I am using PTP to sync my RDMA HCAs. I am using a variety of NICs (Connect X-5s, X-6s, X-7s, and Bluefield-3 NICs) and using both Infiniband/RoCE.

At the same time, I am also timestamping the cqes to read the time when messages are received for my RDMA application. Occasionally, this seems to result in the QP entering a bad state where the completion queue blocks indefinitely. I believe is due to a race condition where the HCA clock is being written to and read at the same time. I see this issue even when CLOCK_REALTIME_ENABLE is not on or not available which means the driver should be handling clock reads/writes, so all the more reason why there should not be any issues with this. However, any modern NIC should be able to handle reading/writing to the NIC clock at the same time, so I assume Mellanox NICs should be able to do so as well.
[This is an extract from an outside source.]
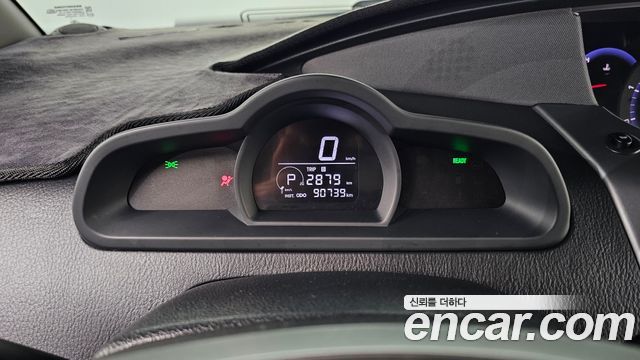 KG Mobility (SsangYong) Korando Turismo 4WD RX 9-seater 2017 — фото 8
This leads me to believe that this is not expected behavior, and in fact, a bug. Has this bug been addressed in some release version of MLNX_OFED, DOCA, or the ConnectX-5/6/7/Bluefield-3 firmware, or are there any plans to do so? Are there any workarounds to avoid this issue?

Thanks.

Hi,

Thanks for your question.
In order to be able to assist you with this scenario, we’ll need to get the exact reproduction steps, relevant logs from each scenario, and investigate it.
To perform the mentioned steps we will ask you to open a support case in Nvidia portal, or send an email to enterprisesupport@nvidia.com, and this case will be handled according to the support entitlement.

Thanks,
Anatoly

Are you referring HCA Core clock or PTP.
PTP will only sync PHC ( PTP Hardware clock) , which CQ Timestamping is done via HCA Core clock.